With no business and no school, Ronnie’s family knew they had to leave Germany. Passports were hard to obtain and passage on a ship became even more difficult since thousands were fleeing the country. A single ticket to Cuba became available and the family decided that Ronnie’s father should go since men were in the most danger at the time. Ronnie and her mother would follow on the next boat. They boarded a ship called the St. Louis on May 13, 1939, and sailed for Cuba with 936 other Jews. For safekeeping, Ronnie brought her stamp collection.
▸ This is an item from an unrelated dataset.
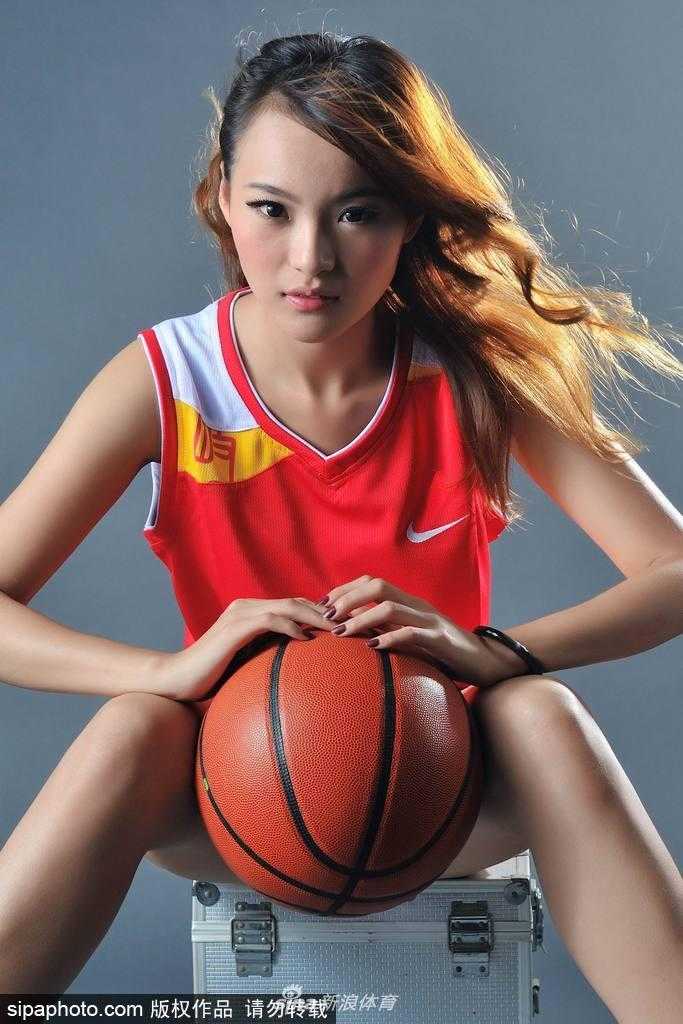胡晓燕化身篮球宝贝,香艳写真定格球场魅力瞬间 胡晓燕手托篮球,眼神自信,修长美腿在球场上格外耀眼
Cuba refused to allow the St. Louis to dock. After many weeks adrift at sea, Ronnie and her mother wound up in Holland. They were placed in Rotterdam West, a detention camp, where children stayed in separate buildings from their parents, always cold and hungry. Ronnie’s mother discovered that the Camp Commander was an avid stamp collector and gave him her daughter’s collection to gain passage for both of them to the United States where Ronnie’s father was waiting. After they left, others at that camp were moved to the Westerbrook, a transit camp and deported and died. The stamp collection saved their lives.
Ronnie now speaks to students and adults about her experience and says, “if we forget the lessons of the past, we are surely to allow history to repeat itself, if not with the Jews, with the Irish, the Italians, the Africans, the Americans. Let us not forget.”